Task objective: Return the data verbatim, without pictures.

Recorded data:
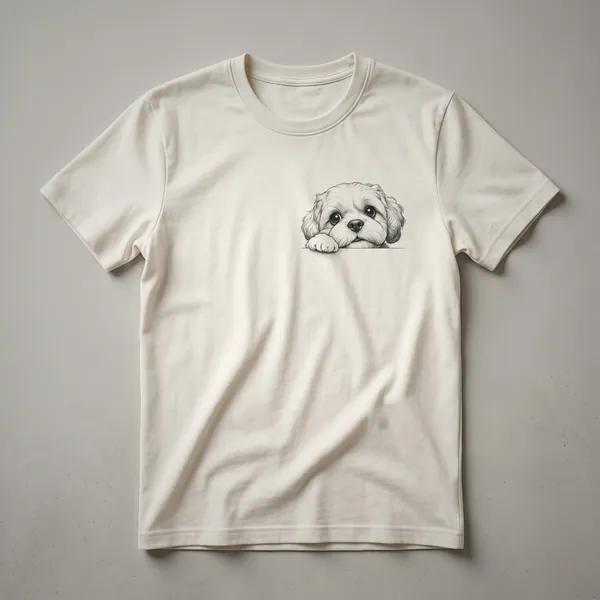 White t-shirt with a graphic of a Cavachon dog peeking from the bottom edge, showing its face and front paws.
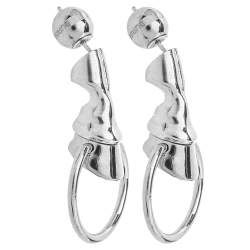 Pre Owned Burberry Palladium Plated Hoof Hoop Earrings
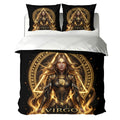 Virgo Celestial Golden Goddess Duvet Cover Bedding Set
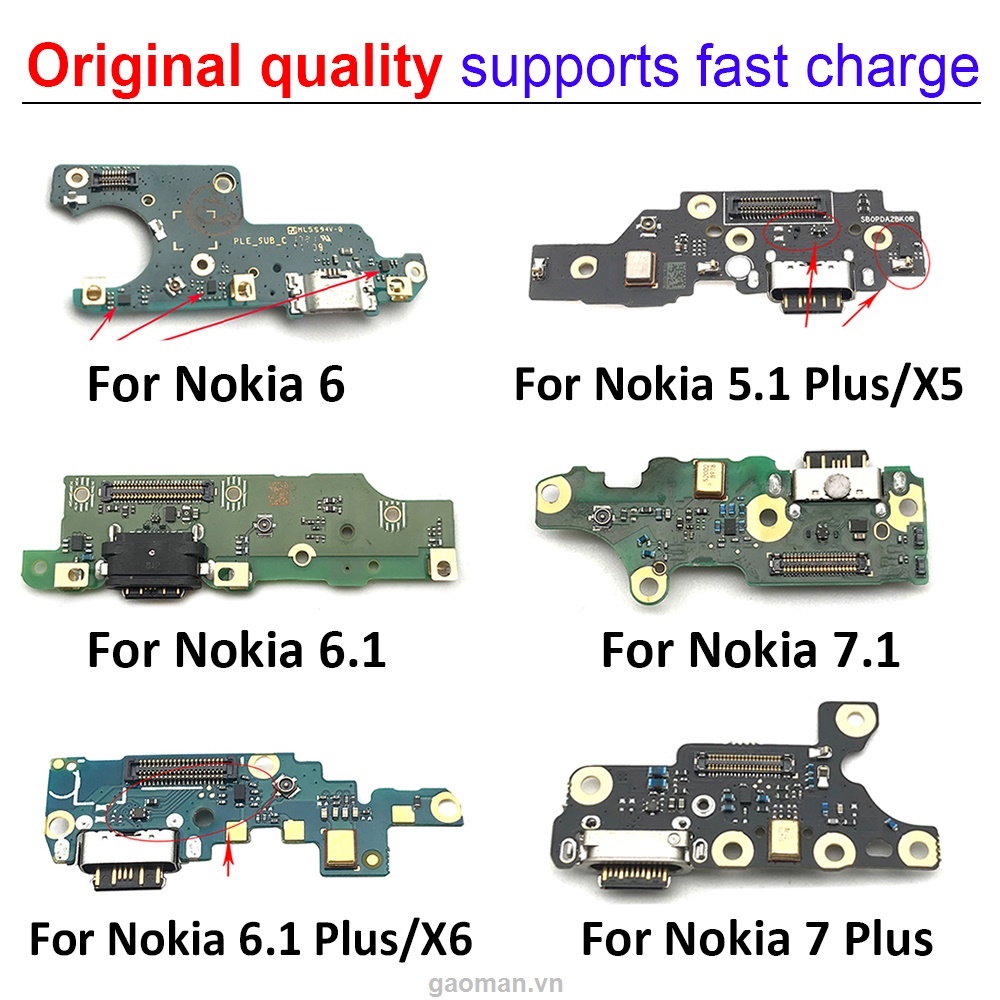 Mới Mạch Cổng Sạc Usb Cho Nokia X6 6.1 Plus Nokia 6 6.1 5.1 7 Plus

Response to the exercise:
 White t-shirt with a graphic of a Cavachon dog peeking from the bottom edge, showing its face and front paws.
 Pre Owned Burberry Palladium Plated Hoof Hoop Earrings
 Virgo Celestial Golden Goddess Duvet Cover Bedding Set
 Mới Mạch Cổng Sạc Usb Cho Nokia X6 6.1 Plus Nokia 6 6.1 5.1 7 Plus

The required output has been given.